Let’s imagine a scenario. You are enjoying a conversation with someone you’ve met on a dating app. You guys are discussing where to have your first date. They suggest coffee.
How would you respond?
Some think coffee dates are cheap and low-effort; others think they are fine. But unfortunately, this is just one of many instances in the current era of online dating where we haven’t quite figured out how to navigate.
Other areas of ambiguity and contention:
What is an appropriate first date?
How long should you chat before taking it to a face-to-face meetup?
Should you vet the person via a video call before meeting up?
In navigating this uncertain, confusing, and sometimes treacherous terrain of online dating and making your experience a lot more bearable, I share some tips on what has worked for me in my online dating experience.

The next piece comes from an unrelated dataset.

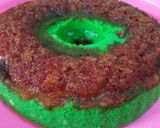 Foto langkah ke 10 dari resep Bolu Kukus Putu Ayu.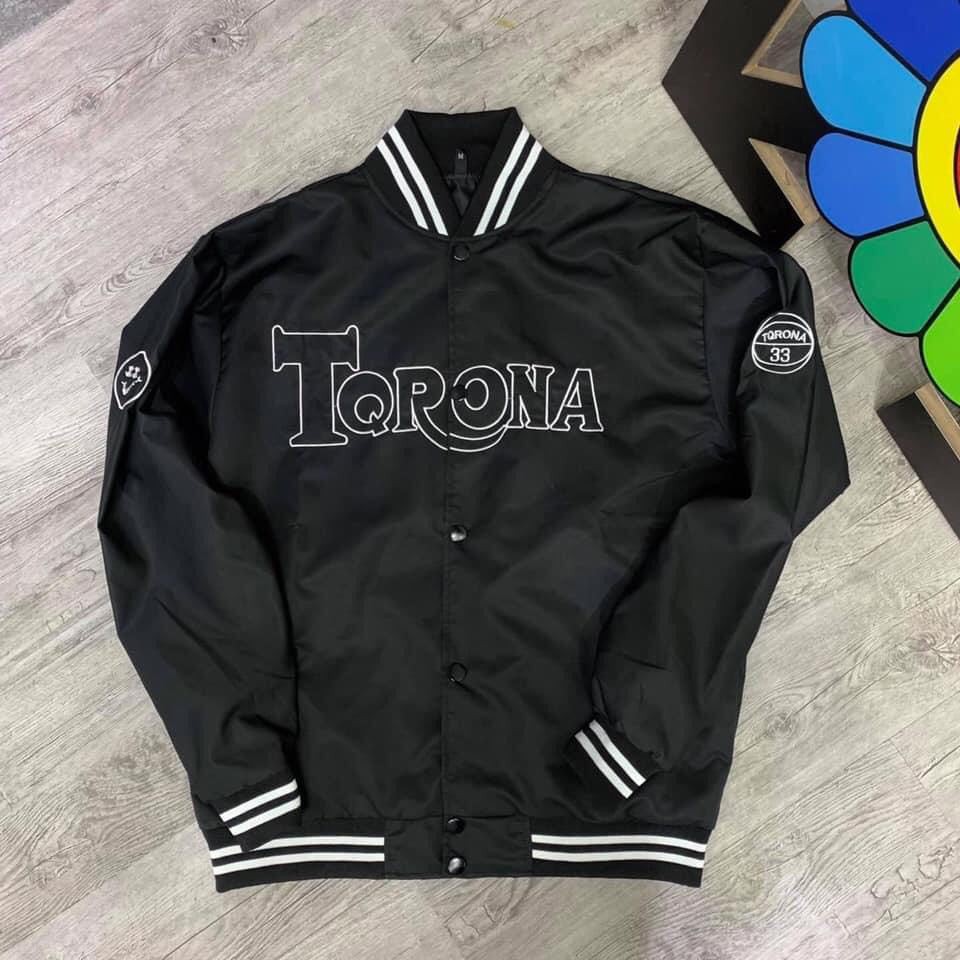 Áo Bomber TORONA  - Toroto Bomber Jacket Unisex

#1 Reduce the texting; take it to a face-to-face
Personally, a two-week window is just enough time to discern if the texting chemistry is going well enough that I’d like to take it up a notch and meet in person.

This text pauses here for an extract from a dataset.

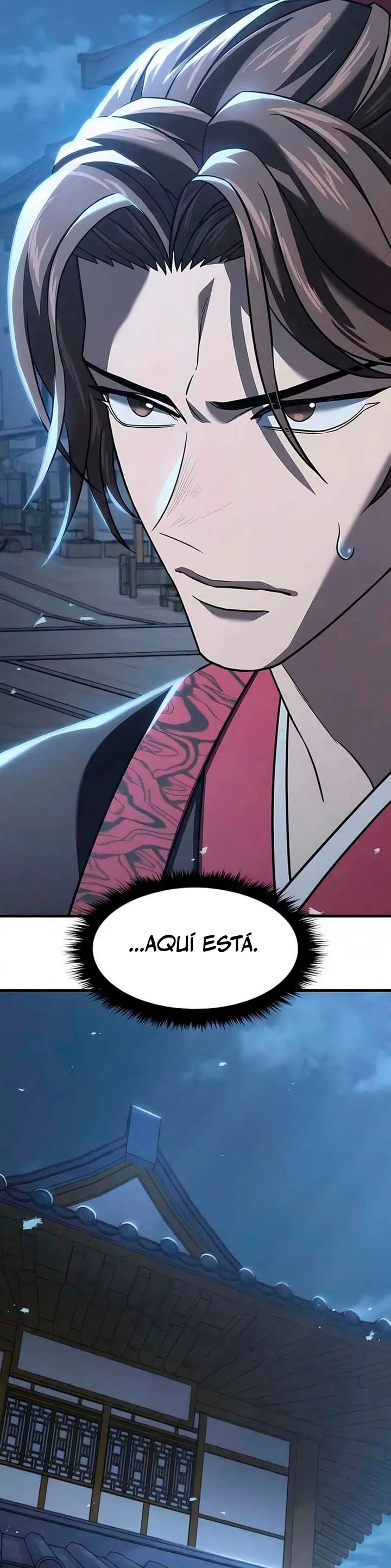 Rey usurero de Murim capítulo 5, página 4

If one is uncomfortable meeting so soon, there are also phone or video call options. But ultimately, those options should ease into an in-person meeting at some point.
Some people are amazing texters – confident and witty over text but utterly different in person. There is always room for preparation and editing with readers, less so when facing a living, breathing person and where interactions are spontaneous.
In-person meetups also offer clues about someone technology can never replicate – body language, how they treat people around you, chemistry, and whether you both vibe.
Another purpose of the in-person meetup is that you weed out the “forever-texters,” those who have absolutely no intention of ever meeting up. They prefer spending so much time typing pages of text to conversing.
I consider these types to be relationship-avoidant and time-wasters who have little to no intention of ever making things severe.
#2 Keep the first date quick and cheap (hence coffee)
This serves two aims.
It not only helps to lighten the atmosphere of date – which can be anxiety-inducing and stressful. But it also lets you get to know the person without the pressure of sitting through a long meal or event.
When things aren’t working out, a coffee date makes it easier to end the evening quickly and part ways. But if you are having a long dinner and your date is annoying, you are stuck with them; leaving is not as easy.
There is also the cost issue; coffee dates are a lower financial investment, which may not feel so bad if the date turns out poorly.
#3 Check your comfort levels and boundaries
I’ve always made it a point to be wary of two things on dates – where I was being taken to and the topics they discussed. It is sometimes incredibly easy to be lulled into a false sense of comfort, especially if you have been vibing well with your date – some of them take advantage of that.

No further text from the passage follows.